The most famous Corning Tower is the Albany skyscraper, the centerpiece of Empire State Plaza, which is named after Erastus Corning 2nd, the long-serving 20th century mayor of Albany. But the city of Corning in the southern tier is named after another Erastus Corning, steelmaker, banker, politician and railroad king, whose son, also named Erastus, built a monument to him there 11 years after his death.
The original Erastus, like many New York Democrats, had an ambivalent attitude toward the Civil War, but prospered by it. His spendthrift son did not serve in the war.
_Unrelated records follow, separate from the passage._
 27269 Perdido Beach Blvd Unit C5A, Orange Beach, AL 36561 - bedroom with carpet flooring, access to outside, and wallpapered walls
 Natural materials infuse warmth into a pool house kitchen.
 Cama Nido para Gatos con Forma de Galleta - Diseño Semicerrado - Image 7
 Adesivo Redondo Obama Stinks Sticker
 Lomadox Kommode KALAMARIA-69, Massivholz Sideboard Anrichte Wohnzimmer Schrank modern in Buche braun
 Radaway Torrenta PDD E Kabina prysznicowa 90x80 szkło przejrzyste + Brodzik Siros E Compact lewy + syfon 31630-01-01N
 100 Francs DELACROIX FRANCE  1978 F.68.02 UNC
The son's grandson, for whom the Empire State Plaza tower is named, did serve in World War II. He later betrayed his constituents and benefited his own insurance company by letting Nelson Rockefeller build the Plaza on which his Tower stands.
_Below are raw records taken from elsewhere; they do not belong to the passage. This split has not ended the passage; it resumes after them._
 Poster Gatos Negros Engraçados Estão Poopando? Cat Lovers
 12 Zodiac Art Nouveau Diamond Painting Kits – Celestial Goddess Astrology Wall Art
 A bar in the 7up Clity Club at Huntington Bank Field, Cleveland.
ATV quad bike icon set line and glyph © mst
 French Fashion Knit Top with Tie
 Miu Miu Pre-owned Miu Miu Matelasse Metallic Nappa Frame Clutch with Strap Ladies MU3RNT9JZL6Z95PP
Not far from Corning, NY, is Elmira, where on the graceful grounds of Elmira College sits the Mark Twain Study, a building which used to be attached to Twain's summer home nearby. Twain wrote most of his best work there, free from distractions. Olivia Langdon was from a wealthy abolitionist family in Elmira, graduated from Elmira College in 1864, and married Samuel Clemens in 1870. Clemens (Twain) famously deserted from a Confederate militia company and wisely avoided most of the Civil War by Roughing It out West, where he laid the foundation of his literary career. He is a character in The Last Circle of Ulysses Grant.